Nature: Significant progress! Reveals the mechanism by which chromatin inhibits cGAS to block autoimmune response.

September 16, 2020 /--- in advanced organisms, DNA detected in the cytoste can trigger an immune response.
enzymes that perceive "misplaced" DNA are also present in the nuclea, but cellular DNA does not have such an effect.
now, in a new study, researchers from the University of Munich in Germany report why.
results were published online September 10, 2020 in the journal Nature under the title "Structural basis for sequestration and autoinhibition of cGAS by chromatin".
-temperature electroscopic structure when cGAS (red) is combined with nuclear microsome histogene (blue), pictured is Karl-Peter Hopfner.
most of the DNA in higher biological cells is restricted to the nucleation of the cell, while all other cytogenetic DNA is restricted to the cellular chamber identified in the cytostyle.
As a result, the presence of DNA in the soluble phase of the cytostyte is interpreted by the innate immune system as a signal of the presence of in-cell pathogens ---usually bacteria or viruses--- even though tumor cells and senescies can also release nucleoblasts or mitochondrial DNA into the cytotones.
misplaced DNA --- whether from the nuclei, mitochondrials, or out-of-cell DNA --- causes a strong immune response, initiated by cGAS enzymes.
scientists have long believed that cGAS itself is located only in the cytoste.
, however, recent studies have shown that this protein actually precedes the nucleation of the cell.
finding naturally raises the question of what prevents cGAS from binding to nucleo-DNA and triggers an autoimmune response.
Now, in this new study, a team of scientists at the University of Munich's Gene Center, led by Professor Karl-Peter Hopfner, has teamed up with Professor Veit Hornung and his colleagues to reveal the nature of cGAS's interactions with chromosome DNA in the nuclei of cells and explain why they do not activate the innate immune system.
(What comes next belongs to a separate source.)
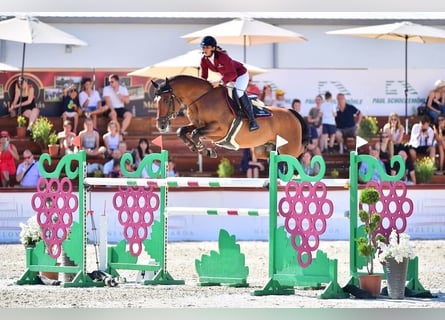 Oldenbourg, Étalon, 13 Ans, 165 cm, Bai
cGAS binds to the nucleo-DNA of the cell, it synthesizes a messenger molecule that triggers a cascading reaction of signals within the cell, leading to the production of proteins that mediate the inflammatory response.
process is essential to eliminate infectious pathogens.
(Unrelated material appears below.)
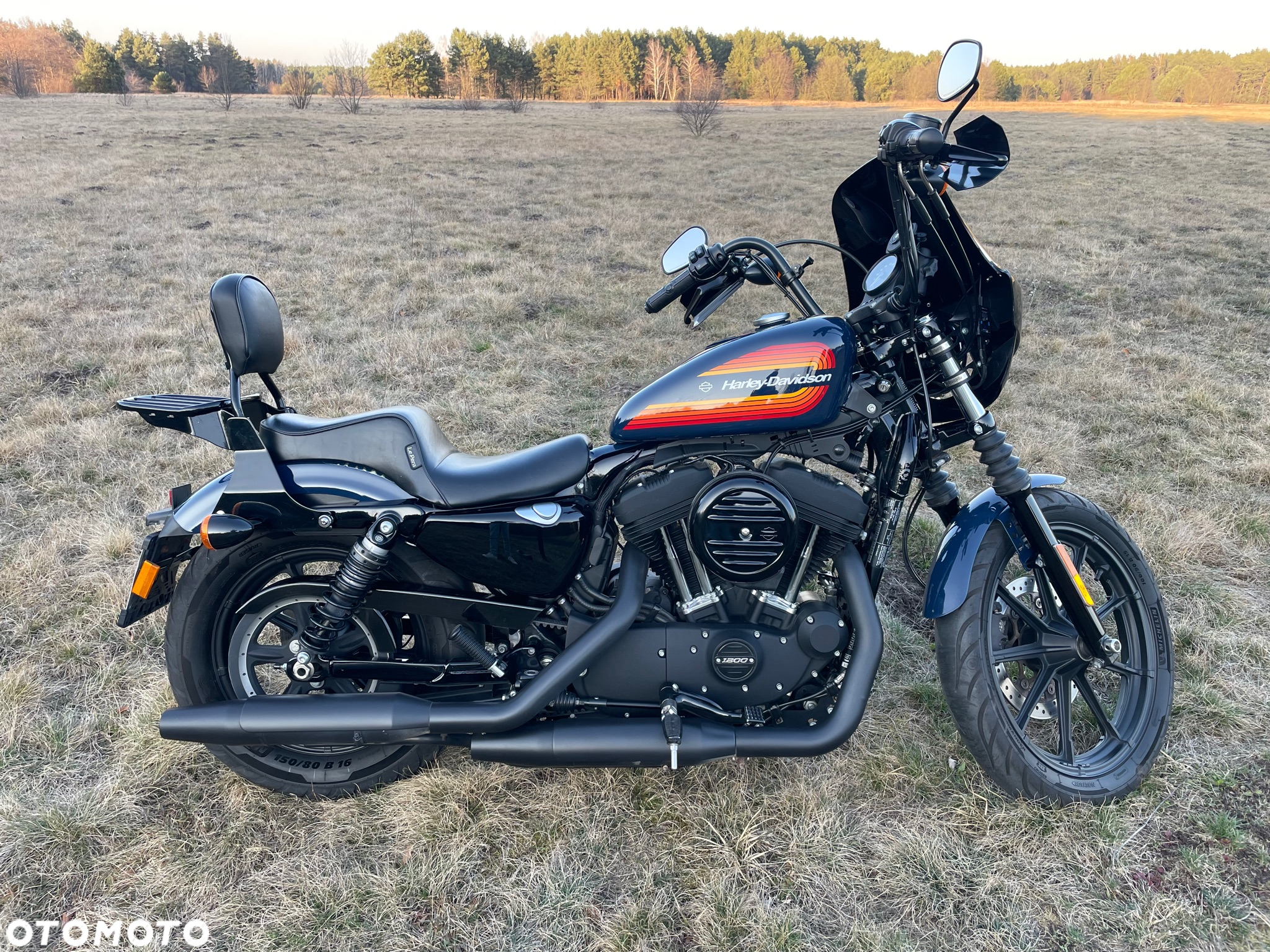 Harley-Davidson Sportster Iron 1200 - 10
, however, it is also associated with the production of autoimmune diseases, some of which actually involve the production of antibodies to the cell's own DNA.
therefore, the fact that cGAS is present in the nucleus does not seem to be consistent with the protective function of the innate immune system, because the activation of the enzyme itself in the nucleus leads to an autoimmune response to the nucleus DNA of the cell.
Hopfner said, "It is strange that recent data actually show that the close binding of cGAS to the DNA-protein complex ---so-chromatin--- found in the nucleus is essential to prevent DNA-based autoimmunity.
in chromosomal complexes, DNA is wrapped in disc-like particles made up of proteins called core histones.
resulting "nuclear gadgets" are connected by "linker DNA" that is not directly related to the core histogeneum.
through cryogenic electrons, Hopfner and his colleagues were able to confirm that cGAS binds only to the protein components of chromatin, not to the DNA itself.
a big surprise," said Carina de Oliveira Mannira of the University of Munich, co-author of the paper.
addition, its binding pattern ensures that the DNA identification bits of cGAS are blocked.
, even during gene activation, DNA near it can approach other proteins, and the enzyme becomes inactive in the nuclea.
, this suggests that chromatin is actually a reservoir of cGAS by trapping the enzyme in an inactive state.
" in fact, cGAS is most effectively suppressed in areas of chromatin that are less tightly wrapped, where most genes are located.
hopfner said, "This may explain why cGAS is activated in something called micronuclei in the cytoste, where chromatin is thought to be tightly wrapped."
" nucleation consists of chromosomal fragments surrounded by a nuclear membrane.
are the product of DNA damage caused by chromosomal separation errors or ionizing radiation in fast-growing tumor cells.
Hopfner said, "Our study represents an important step forward in our understanding of how cGAS interacts with chromatin.
will help us clarify the inflammatory response of this enzyme in the context of cancer and autoimmune diseases.
" (bioon.com) Reference: 1. Sebastian Michalski et al. Structural basis for sequestration and autoinhibition of cGAS by chromatin. Nature, 2020, doi:10.1038/s41586-020-2748-0.2.How cGAS enzyme is kept bottled up.